Would “seeing” this elusive figure have sated Herod’s ravenous eyes? Jesus refused to entertain the wolfish tetrarch when summoned into his presence on the morning of his crucifixion (Luke 23:8-9).
The gap between subject and object in seeing and hearing always leaves the subject yearning for more. All rivers go to the sea, yet never does the sea become full (Ecclesiastes 1:7). The human spirit longs to soar in union with the infinite Trinity, beyond the distinction of subject and object.
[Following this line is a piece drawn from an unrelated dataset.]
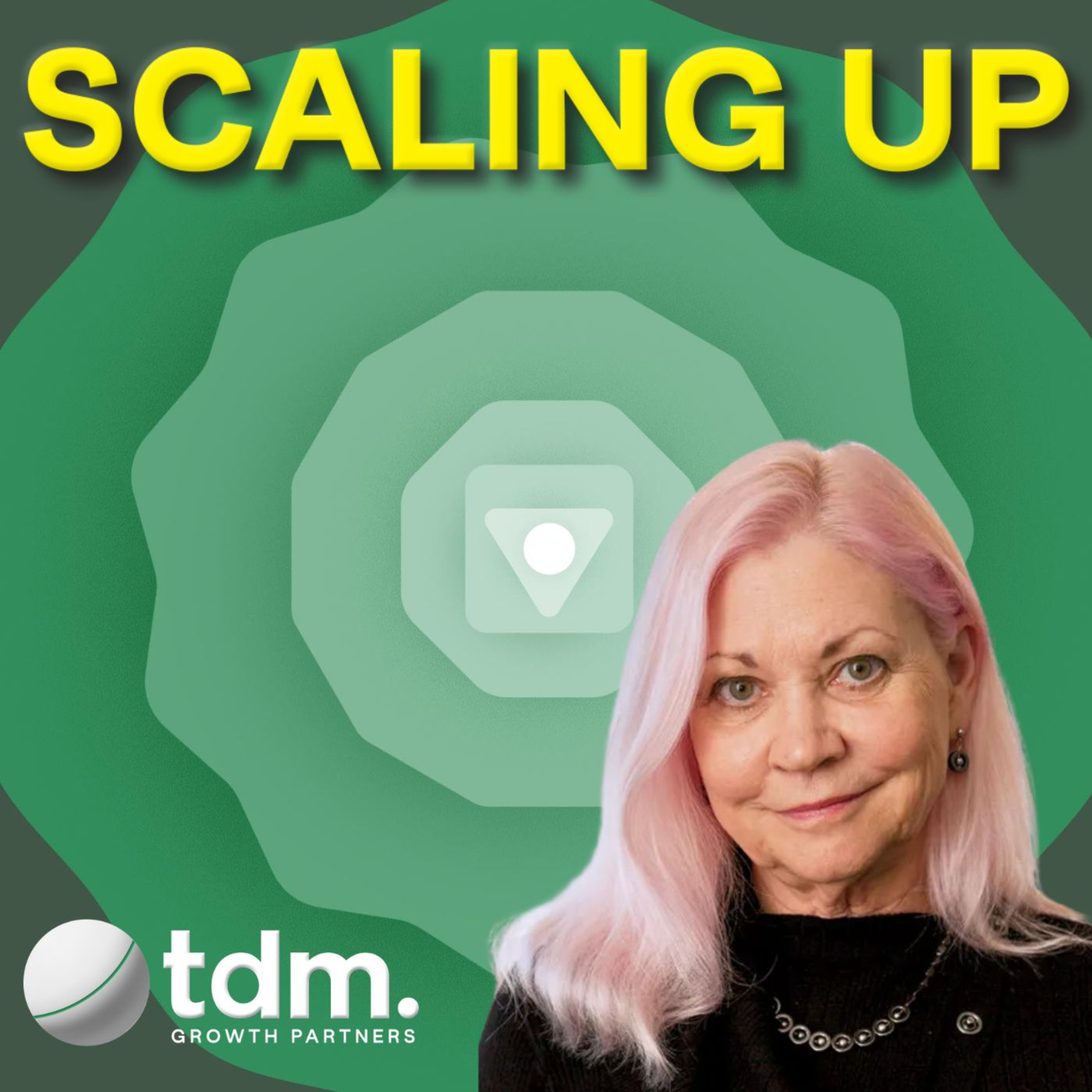 Scaling Up: Lessons From The World\'s Best CEOs and Founders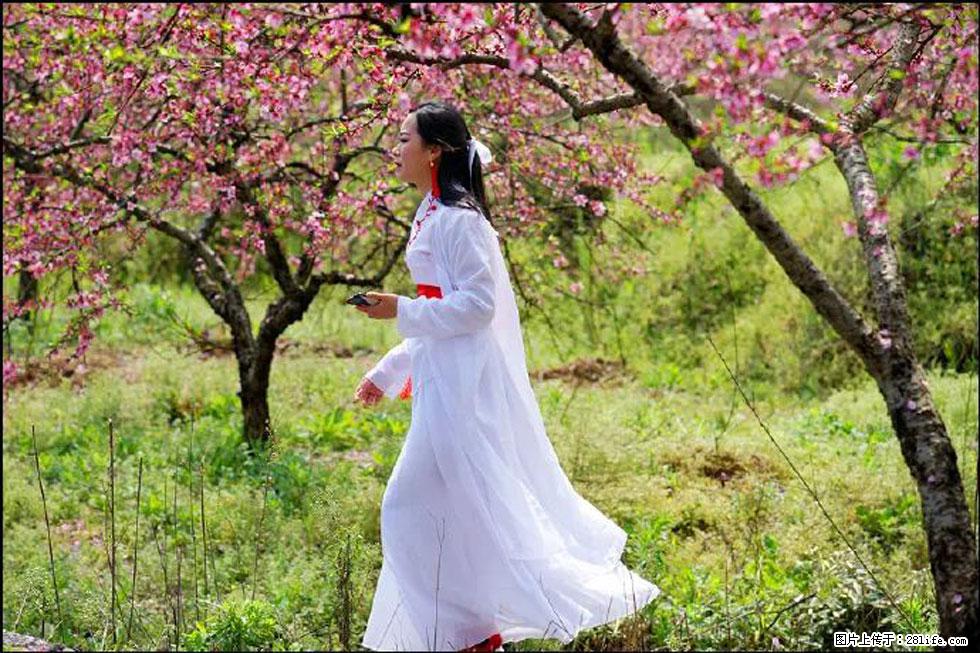 【春天，广西桂林灌阳县向您发出邀请！】官庄村有个醉美的桃花园 - 游山玩水 - 陇南生活社区 - 陇南28生活网 ln.28life.net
Is it possible?
Nothing is new under the sun.
Ecclesiastes 1:9
In modern times, even the marvel of the Incarnation draws a yawn. The One who keeps the sun shining was silenced and buried under it (John 1:11).
What does our jaded world say about the resurrection of Christ? Is that new?
All speech is labored; there is nothing one can say.
Ecclesiastes 1:8
Weary, weary words! There is the speechlessness of the resigned. There is also the speechlessness of the mystic. St. Paul received the gift of arrested speech, his most eloquent testimony: “I know someone in Christ who… was caught up into Paradise and heard ineffable things, which no one may utter” (2 Corinthians 12:2-4).
“The Tao (Logos) that can be spoken is not the eternal Tao.”1
Reference
1 Lao Tzu, Tao Te Ching, chapter 1, translated by Derek Lin.
Thank you for your post. Your words reach me as if for the first time hearing and seeing. They speak to my spiritual deafness and dumbness and make me think and want to get closer to our great God. Where no words are necessary, but He inspires them anyway. Much like prayer.
The Spirit of the Word is always fresh and new… listening in the Spirit is always like the “first time,” isn’t it? Thank you for sharing!